Uncoupling of sympathetic nervous system and hypothalamic-pituitary-adrenal axis in cirrhosis
Article first published online: 28 JUN 2008
© 2008 The Authors. Journal compilation © 2008 Journal of Gastroenterology and Hepatology Foundation and Blackwell Publishing Asia Pty Ltd
Journal of Gastroenterology and Hepatology
Volume 23, Issue 12, pages 1901–1908, December 2008
How to Cite
Wiest, R., Moleda, L., Zietz, B., Hellerbrand, C., Schölmerich, J. and Straub, R. (2008), Uncoupling of sympathetic nervous system and hypothalamic-pituitary-adrenal axis in cirrhosis. Journal of Gastroenterology and Hepatology, 23: 1901–1908. doi: 10.1111/j.1440-1746.2008.05456.x
- Issue published online: 28 NOV 2008
- Article first published online: 28 JUN 2008
- Accepted for publication 27 February 2008.
- neuropeptide Y;
- sympathetic nervous system
Background and Aim: The hypothalamic-autonomic nervous system (HANS) axis and the hypothalamic-pituitary-adrenal (HPA) axis are stimulated in parallel in response to stress factors under healthy conditions. This physiological synergism of the axes aims at optimizing anti-inflammatory actions. Therefore, we investigated whether this synergism is altered in patients with liver cirrhosis.
Methods: As a typical marker of the HANS axis neuropeptide Y (NPY is a neurotransmitter of the sympathetic nerve terminal) and of the HPA axis, cortisol together with adrenocorticotropic hormone (ACTH) and cortisol-binding globulin (CBG), were measured in samples from control subjects and patients with liver cirrhosis.

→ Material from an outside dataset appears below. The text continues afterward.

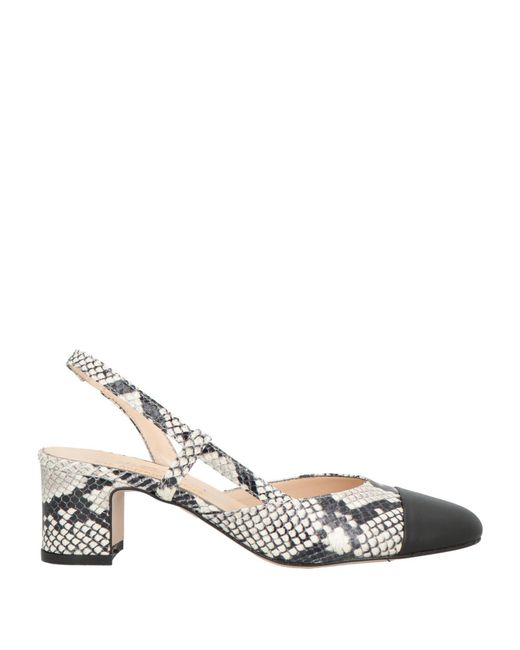 J.A.P. JOSE ANTONIO PEREIRA Metallic Pumps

Results: Plasma NPY was found to be increased in cirrhotic patients compared to control subjects (P < 0.01). This increase was observed to be independent of the severity of liver disease (Child class). Serum cortisol was decreased in cirrhotics, particularly in patients with Child A cirrhosis. Plasma NPY was positively correlated with serum cortisol in control subjects (r = 0.32, P < 0.05) reflecting the parallel activation of both axes under the normal condition. However, serum cortisol was not correlated with plasma NPY in cirrhotic patients. For the subgroup of Child A patients, even a negative correlation between NPY and cortisol was observed (r = −0.43, P < 0.05). No significant change in serum levels of ACTH and its positive correlation with serum cortisol was observed in cirrhotic patients.
Conclusions: The present study demonstrates that the two stress axes seem to act in parallel fashion in control subjects but are uncoupled in liver cirrhosis. We discuss how uncoupling of the two anti-inflammatory axes can occur and may contribute to the increased susceptibility for infections and lethal complications in cirrhotic patients.